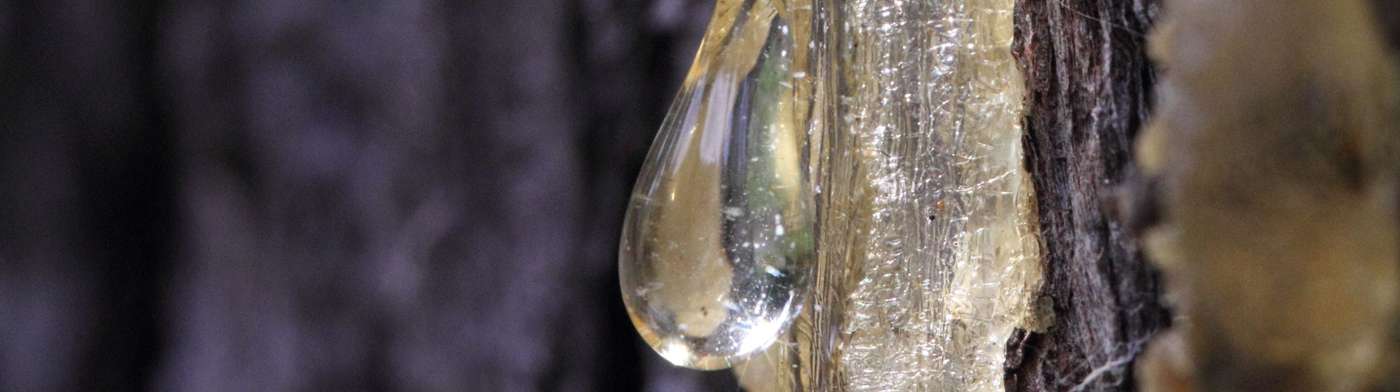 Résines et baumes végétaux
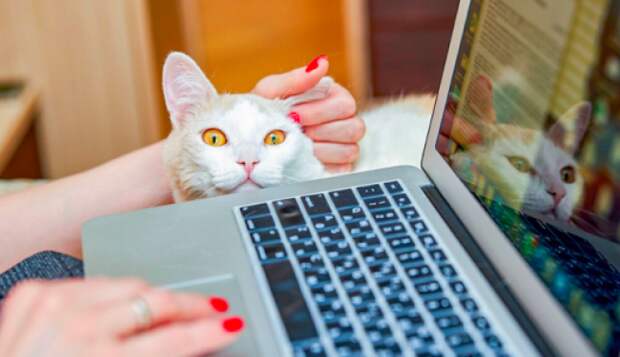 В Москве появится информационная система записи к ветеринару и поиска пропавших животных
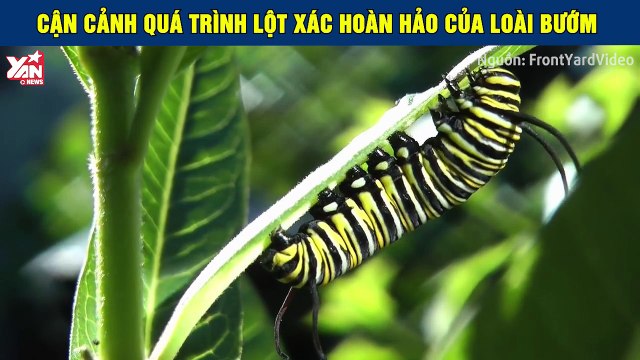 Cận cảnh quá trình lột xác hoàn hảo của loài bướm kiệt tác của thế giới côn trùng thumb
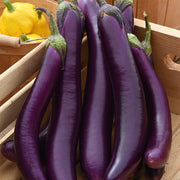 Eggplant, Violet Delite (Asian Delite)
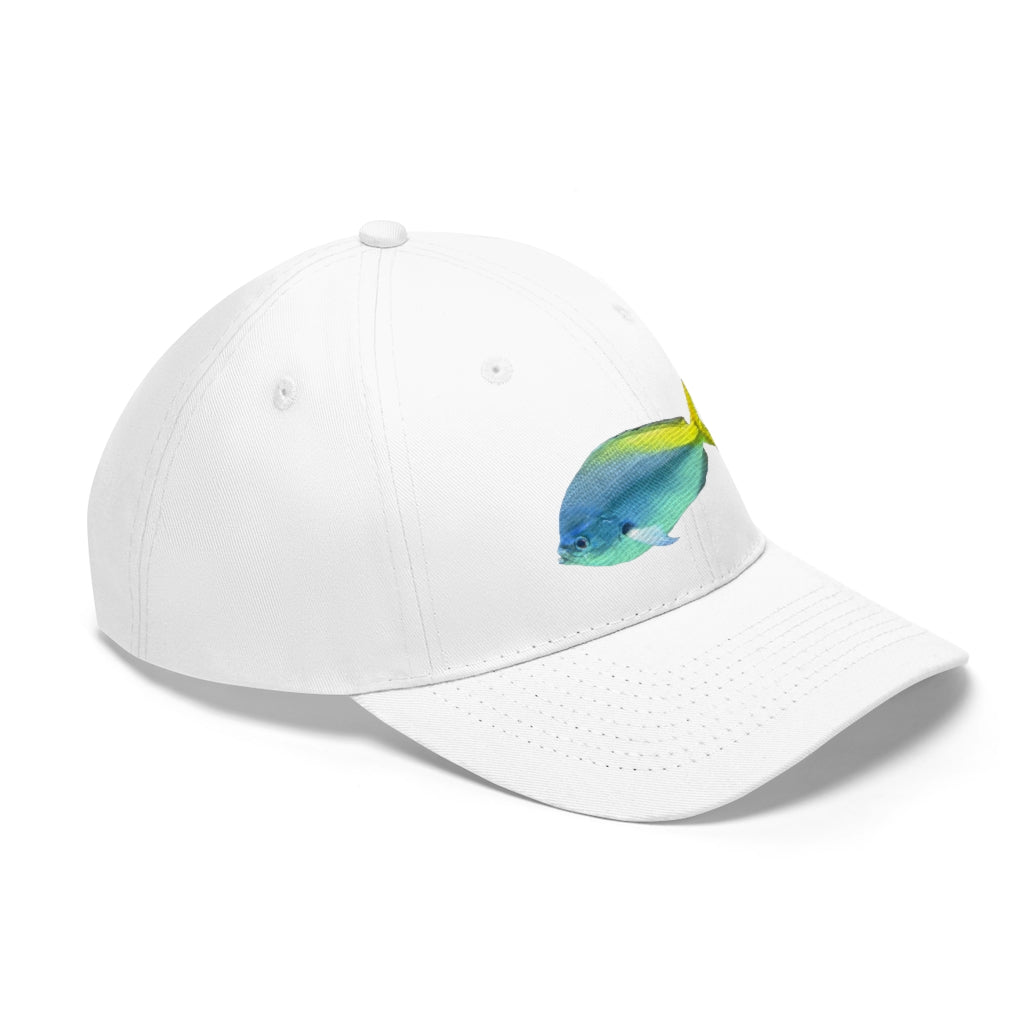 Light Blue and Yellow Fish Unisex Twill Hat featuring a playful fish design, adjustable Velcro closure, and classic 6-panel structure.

★ ★ ★

> Problem
Give an exact copy of the data, and omit any pictures it holds.

> Answer below
 Résines et baumes végétaux
 В Москве появится информационная система записи к ветеринару и поиска пропавших животных
 Cận cảnh quá trình lột xác hoàn hảo của loài bướm kiệt tác của thế giới côn trùng thumb
 Eggplant, Violet Delite (Asian Delite)
 Light Blue and Yellow Fish Unisex Twill Hat featuring a playful fish design, adjustable Velcro closure, and classic 6-panel structure.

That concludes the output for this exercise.